第49話 黒竜の役割

 一晩経ち、エルズバーグへ戻る支度を整えたロジオンとアデラは、イゾルテの元へ挨拶に出向いた。


 イゾルテは例の謁見場にいるようで、フレンと言うドレイクと同じ竜の血を持つ青年が案内してくれた。

 イゾルテとドレイクは、二人揃ってある場所にいると言う。


 ──ある場所とは、ロジオンが壊したバルコニーである。


「……やばっ」

 ロジオンが焦った顔を露骨に出し、フレンが含み笑いをしながら言った。

「大丈夫ですよ。魔承師様は優しいお方ですし、よくあることなんです」

「よく物が壊れるってこと?」

 昨日イゾルテが、かなりぼんやり屋さんと知ったせいか、常日頃からよく物を壊すのかと聞いてみた。

 しかし、フレンは違う意味として読んだらしい。


「しょっちゅう壊されるって、いうわけでは無いんですけど。お立場を狙う方が時々現れるんですよ。いつも穏やかな風情でいらっしゃいますから、舐めている方もいるわけで……」

「頂点に立たれる方には、立たれる方のご苦労があるのですね」

 アデラが同情するかのように言った。

「──まあ、大体は魔承師様に辿り着く前に、ドレイク様にえらい目にあわされますけど。逆に容赦無いですから、あの方は」


 半殺しですよ、あははは──と、呑気に笑うフレンは、恐らくその状況に慣れているのだろう。

 飴はイゾルテ

 鞭はドレイク

(ドレイクに鞭を食らうのか……)

 

 溜息をつくロジオンだった。



◇◇◇◇



 謁見場に着いた時、二人はステンドグラスが割れ、ひしゃげた窓枠の前にいた。

 周囲には様々な方向へ飛んでいったステンドグラスが、足の踏み場も無いほどに床に散らばっている。


 三人に気付いたイゾルテとドレイク。

「お二人ともよく眠れました?」

 イゾルテは、にこりと優しげな笑顔を向けた。

「はい……。昨晩はありがとうございます」

 昨晩──と言うのは、意識の中で交わした会話のことで、ドレイクやフレンは魔承師としての彼女との付き合いで分かっていたが……。


(?  昨晩? )

 一晩付き添っていたアデラには理解できないし、ずっと見ていたのに、

(昨晩? え? 二人で何をしていたのだ?)

と、頭を捻った。


「落ち着いていてくれて良かった。外の話が沢山聞けて楽しかったわ。また、来て話を聞かせてくださいね」

 イゾルテ自体が歪みを押さえる形代となっている。ここから離れるわけにはいかなかった。
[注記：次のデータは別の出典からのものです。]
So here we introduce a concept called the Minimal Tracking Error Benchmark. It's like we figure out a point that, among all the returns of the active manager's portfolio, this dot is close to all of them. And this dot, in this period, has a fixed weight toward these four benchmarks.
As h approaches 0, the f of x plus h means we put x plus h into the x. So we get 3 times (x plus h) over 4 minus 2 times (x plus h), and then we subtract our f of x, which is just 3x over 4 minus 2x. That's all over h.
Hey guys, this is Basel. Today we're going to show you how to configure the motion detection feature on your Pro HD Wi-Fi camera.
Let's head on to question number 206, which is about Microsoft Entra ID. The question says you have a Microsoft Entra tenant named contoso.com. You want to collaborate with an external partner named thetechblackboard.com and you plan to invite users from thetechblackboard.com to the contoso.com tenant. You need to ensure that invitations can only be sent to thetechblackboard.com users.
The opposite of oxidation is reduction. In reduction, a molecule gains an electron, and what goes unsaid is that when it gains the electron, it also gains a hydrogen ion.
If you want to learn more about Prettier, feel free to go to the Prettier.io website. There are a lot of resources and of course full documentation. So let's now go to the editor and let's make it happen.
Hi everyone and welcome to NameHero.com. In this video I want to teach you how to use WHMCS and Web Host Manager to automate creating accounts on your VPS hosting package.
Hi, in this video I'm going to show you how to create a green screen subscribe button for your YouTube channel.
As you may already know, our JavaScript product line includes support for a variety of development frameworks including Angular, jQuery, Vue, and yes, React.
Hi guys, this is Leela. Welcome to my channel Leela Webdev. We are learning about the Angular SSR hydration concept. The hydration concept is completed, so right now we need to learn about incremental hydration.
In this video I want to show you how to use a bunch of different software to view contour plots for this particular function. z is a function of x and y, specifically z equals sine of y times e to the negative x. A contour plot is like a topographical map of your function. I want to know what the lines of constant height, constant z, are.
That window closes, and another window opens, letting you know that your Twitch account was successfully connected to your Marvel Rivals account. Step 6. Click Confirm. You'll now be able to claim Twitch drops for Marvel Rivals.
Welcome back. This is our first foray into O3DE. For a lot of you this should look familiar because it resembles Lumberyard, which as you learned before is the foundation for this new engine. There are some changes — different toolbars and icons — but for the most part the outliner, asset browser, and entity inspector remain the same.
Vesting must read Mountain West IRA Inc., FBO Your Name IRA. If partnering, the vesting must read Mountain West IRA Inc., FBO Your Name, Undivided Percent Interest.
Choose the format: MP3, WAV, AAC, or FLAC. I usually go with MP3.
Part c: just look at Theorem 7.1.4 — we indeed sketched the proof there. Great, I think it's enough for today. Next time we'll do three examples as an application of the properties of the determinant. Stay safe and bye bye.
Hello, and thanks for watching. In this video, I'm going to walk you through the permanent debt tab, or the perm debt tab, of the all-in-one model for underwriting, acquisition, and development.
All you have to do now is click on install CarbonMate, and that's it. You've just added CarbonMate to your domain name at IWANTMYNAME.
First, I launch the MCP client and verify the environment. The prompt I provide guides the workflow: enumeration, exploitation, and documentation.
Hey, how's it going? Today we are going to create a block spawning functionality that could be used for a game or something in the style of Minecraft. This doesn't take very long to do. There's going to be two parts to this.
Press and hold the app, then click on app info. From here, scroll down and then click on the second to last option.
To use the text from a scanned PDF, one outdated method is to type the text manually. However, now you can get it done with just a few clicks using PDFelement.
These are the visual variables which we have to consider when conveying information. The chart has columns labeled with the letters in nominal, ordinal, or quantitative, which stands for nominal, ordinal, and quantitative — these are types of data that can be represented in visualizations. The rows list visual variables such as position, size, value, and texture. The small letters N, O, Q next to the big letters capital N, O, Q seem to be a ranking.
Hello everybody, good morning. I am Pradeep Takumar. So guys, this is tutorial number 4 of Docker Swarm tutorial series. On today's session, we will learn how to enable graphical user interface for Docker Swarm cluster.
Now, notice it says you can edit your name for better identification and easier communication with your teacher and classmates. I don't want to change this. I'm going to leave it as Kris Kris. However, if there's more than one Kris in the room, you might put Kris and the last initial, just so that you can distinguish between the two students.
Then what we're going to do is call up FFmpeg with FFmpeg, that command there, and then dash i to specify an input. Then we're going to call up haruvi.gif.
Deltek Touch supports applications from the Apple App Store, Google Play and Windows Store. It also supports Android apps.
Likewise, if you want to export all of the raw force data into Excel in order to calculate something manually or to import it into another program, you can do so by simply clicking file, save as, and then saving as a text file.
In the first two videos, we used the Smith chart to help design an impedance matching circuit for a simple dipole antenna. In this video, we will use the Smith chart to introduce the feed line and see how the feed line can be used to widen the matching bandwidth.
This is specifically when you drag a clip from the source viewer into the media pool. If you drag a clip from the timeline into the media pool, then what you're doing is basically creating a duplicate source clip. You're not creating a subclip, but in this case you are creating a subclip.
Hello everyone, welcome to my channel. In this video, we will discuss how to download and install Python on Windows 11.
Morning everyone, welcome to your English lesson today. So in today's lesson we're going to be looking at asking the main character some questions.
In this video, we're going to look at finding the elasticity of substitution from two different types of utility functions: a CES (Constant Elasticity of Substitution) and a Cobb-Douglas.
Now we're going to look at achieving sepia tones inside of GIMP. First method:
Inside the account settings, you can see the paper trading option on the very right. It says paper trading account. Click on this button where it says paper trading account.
 一つの塔だけでもかなりの大きさに広さだし、空中庭園や温室もあるようだが、外の空気が吸えないと言うのはつまらないものだろう。

(しかも……付き添ってるのは口の悪いドレイクだしね……)

「はい、暇を見つけてまた……。その時は、悩殺させる美脚を是非ご披露ください」

 ロジオンのこの台詞にドレイクは呆れ、イゾルテは、ふふふ、と笑う。

「貴方の師匠であるコンラートにも、言われたことがあります」

 流石、お弟子ですね──とイゾルテに切り返され、ロジオンは亡き師匠に妙な対抗心が沸いたのだった。




「イゾルテ様、そろそろお願いしたいのですが……」

 ドレイクが促す。

「そうだったわね」

 イゾルテは持っていた杖をドレイクに渡すと、両腕を空に差し伸べた。


 瞬間に空間が変わった。

 ぴん──とした、張りのある静けさ。

 床に散らばったステンドグラスが、ゆっくりと宙に浮く。

 瞬きもしないうちだった。

 何事もなかったように、ひしゃげた窓枠は美しい形容を取り戻し、ステンドグラスは窓に戻り、昨日のように柔らかな豊穣の色を付け、日の光を受けていた。


「失礼」

 ロジオンは驚き、真っ先に窓のステンドグラスに手を付け、間近に見る。

 人が手を加えたような接着の後も無い。

「『再生』だ……。初めて見た」

『物』の完全な『再生』は『治癒』同様に難しく、魔法の中でも特殊な能力を使う一つだ。


「この力は、イゾルテ様のみのお力……。あと、私が知る限りには古代から命を保つ者達」

 再生──

 治癒──

 これは遠い過去には、魔力を持つ者は持ち合わせていた力──。

 ドレイクの言わんとしていることが分ったロジオンは、何とも言えなかった。



◇◇◇◇



 塔を出るとハインが待っていた。

「勝手に帰るから迎えに来なくても良いのに……」

 ロジオンがガッカリした口調で言うが、それは迎えに来たハインにもガッカリさせられた台詞だ。

「ロジオン様は、大国・エルズバーグの王子なんですから! 自覚を持ってくださいよ」

と、ハインに逆ギレされた。


「ロジオン」

ドレイクが見送りに出向いていた。

「何?」

「たまに様子を見に行きますよ」

「心配しなくても思い出したら、すぐに出向くよ?」

「魔承師様の命でもありますから。それに一応は、『代償』で取引していますからね」

「そうでした」

 すっかり忘れていた。師匠の魔法日記は今ドレイクが保持している。

 その代わりに何かあったら、ドレイクに魔法を教えてもらう取引をしたのだった。


「うーん……。僕の攻撃魔法が弱い原因は分かって解決したしな……」

 ロジオンの師であったコンラートは、「わざと」弟子のロジオンの魔法のバランスを崩していた。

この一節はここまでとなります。